Squires suggests that a number of things are being done, and can be done, to address these and other legacies of segregation both in terms of individual housing discrimination and community-based discrimination. I agree with most of his suggestions, as well as with his observation that individual fair-housing cases, while absolutely appropriate and necessary, are not sufficient to address the larger task. I would urge fair-housing and community-development advocates to come together in their work on the ground and in their public-policy work around a more ambitious agenda that reflects the individual, institutional, and structural aspects of the problem of racial segregation in our communities. What might that agenda look like?
Congress should hold hearings and make findings about the extent and scope of the ongoing effects of segregation on individuals and communities. The record has been made in courts, in academia, and in social-policy circles, but not in the one place it could matter most: Congress. Findings based upon a thorough and honest assessment of the lingering effects of segregation would not only spur a legislative response for explicit remedial measures to address segregation’s vestiges but would also provide support for other advocacy work by fair-housing and community-development activists.
For example, while the legislative history of the Fair Housing Act and legal decisions interpreting it have made clear that addressing segregation is one of the act’s purposes, the act itself does not use the term “segregation.” Perhaps that wasn’t necessary in 1968 when racial segregation was the housing civil-rights issue, but today the act, particularly as amended, is a much bigger tent, and the country’s consciousness of the history and ongoing effects of segregation has dimmed. Congress should make explicit that the duty to further fair-housing practices imposes a responsibility on recipients of housing and community-development funds to take affirmative steps to ameliorate racial segregation, and make it a violation of the Fair Housing Act for governmental entities to engage in policies or practices that perpetuate racial segregation.
Moreover, Congress should evaluate all existing housing and community-development programs from the standpoint of whether they are currently designed to achieve the legitimate governmental interest of reducing segregation and racial isolation in residential housing markets. The HOPE VI public-housing program, which is replacing distressed public housing with new mixed-income development, must balance the interests of the current residents who may want to return to the redeveloped site with the need to break the stranglehold of segregation that public housing has historically represented. This can be accomplished by requiring some replacement units in non-minority, lower-poverty areas where no public housing currently exists and guaranteeing that no resident of, or applicant for, public housing is required to accept a unit in a census tract in which his race predominates as a condition of receiving federal housing assistance.

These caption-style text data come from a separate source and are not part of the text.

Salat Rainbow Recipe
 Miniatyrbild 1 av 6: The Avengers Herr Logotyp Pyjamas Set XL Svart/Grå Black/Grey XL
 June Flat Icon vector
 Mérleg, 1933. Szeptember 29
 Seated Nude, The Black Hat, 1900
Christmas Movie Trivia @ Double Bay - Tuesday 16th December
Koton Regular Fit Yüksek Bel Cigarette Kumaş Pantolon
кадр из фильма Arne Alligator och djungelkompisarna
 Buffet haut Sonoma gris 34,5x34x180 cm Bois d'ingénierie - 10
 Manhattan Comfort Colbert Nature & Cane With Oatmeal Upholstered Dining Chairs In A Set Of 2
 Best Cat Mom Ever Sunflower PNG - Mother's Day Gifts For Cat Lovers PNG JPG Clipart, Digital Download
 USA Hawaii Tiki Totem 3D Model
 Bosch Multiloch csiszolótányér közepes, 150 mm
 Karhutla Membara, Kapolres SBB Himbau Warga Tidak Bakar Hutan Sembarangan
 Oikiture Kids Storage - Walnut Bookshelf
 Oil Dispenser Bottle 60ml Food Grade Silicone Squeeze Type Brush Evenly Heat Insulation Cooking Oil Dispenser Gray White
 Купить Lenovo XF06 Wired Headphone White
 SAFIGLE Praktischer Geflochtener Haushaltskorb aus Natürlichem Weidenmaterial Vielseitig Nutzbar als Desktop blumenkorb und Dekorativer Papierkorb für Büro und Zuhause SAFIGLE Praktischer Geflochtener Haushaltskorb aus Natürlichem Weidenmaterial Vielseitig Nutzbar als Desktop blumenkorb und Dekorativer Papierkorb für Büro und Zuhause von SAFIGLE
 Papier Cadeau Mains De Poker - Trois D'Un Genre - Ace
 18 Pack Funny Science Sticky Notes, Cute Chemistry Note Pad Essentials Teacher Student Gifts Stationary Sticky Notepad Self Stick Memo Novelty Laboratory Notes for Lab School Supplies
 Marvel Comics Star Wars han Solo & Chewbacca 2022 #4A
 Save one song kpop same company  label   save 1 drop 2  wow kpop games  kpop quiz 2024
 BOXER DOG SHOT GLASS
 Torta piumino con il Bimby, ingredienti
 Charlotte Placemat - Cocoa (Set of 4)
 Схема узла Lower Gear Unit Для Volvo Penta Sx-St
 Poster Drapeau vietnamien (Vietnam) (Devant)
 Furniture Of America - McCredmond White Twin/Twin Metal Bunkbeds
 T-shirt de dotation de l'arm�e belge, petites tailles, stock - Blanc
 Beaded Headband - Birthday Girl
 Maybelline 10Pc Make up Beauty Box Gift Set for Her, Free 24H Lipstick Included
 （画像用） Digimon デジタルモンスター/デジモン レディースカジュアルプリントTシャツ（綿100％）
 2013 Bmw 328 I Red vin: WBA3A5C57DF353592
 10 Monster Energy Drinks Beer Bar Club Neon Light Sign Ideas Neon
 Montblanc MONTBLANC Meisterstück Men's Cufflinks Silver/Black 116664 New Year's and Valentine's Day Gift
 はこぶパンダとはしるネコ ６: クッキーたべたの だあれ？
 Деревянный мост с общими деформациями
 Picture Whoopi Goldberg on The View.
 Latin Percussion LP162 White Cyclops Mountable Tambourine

In the Section 8 voucher program, Alex Polikoff’s proposed national housing mobility program, calling for a realistic targeting of housing vouchers toward the minority poor locked into inner-city ghettos (see “Lessons from a Chicago Saga,” Shelterforce, Spring 2007), should be implemented as a means of supporting minority families who wish to make that housing choice but are currently held hostage by housing policy that does not recognize the fair-housing rights of low-income people.
The Low Income Housing Tax Credit program — one of the most important vehicles for the creation of new affordable housing — currently requires that tax credits be targeted toward Qualified Census Tracts (any census tract in which at least 50 percent of households have an income of less than 60 percent of the area median gross income.) As a practical matter this steers tax-credit developments into high-poverty, racially concentrated areas and is an excellent example of how a housing program can be used to perpetuate rather than ameliorate segregation. The tax-credit statute should be amended to more effectively balance the interests of community revitalization with the goal of affirmatively furthering fair housing by expanding housing available to low-income families in higher-opportunity areas.
The Community Reinvestment Act should provide for incentives to financial institutions whose investments promote more racially and economically inclusive communities, including housing-related financing that expands housing opportunities for low-income families in high-opportunity areas where there is little or no affordable housing. In the private homeownership market, local initiatives such as that undertaken by the Village of Oak Park, Ill., to which the Squires article alluded, including subsidizing mortgages for families whose move into a neighborhood contributed to racial diversity and reduced racial isolation, are examples of the kinds of unapologetic race-conscious efforts to undo the legacy of segregation our policymakers should pursue.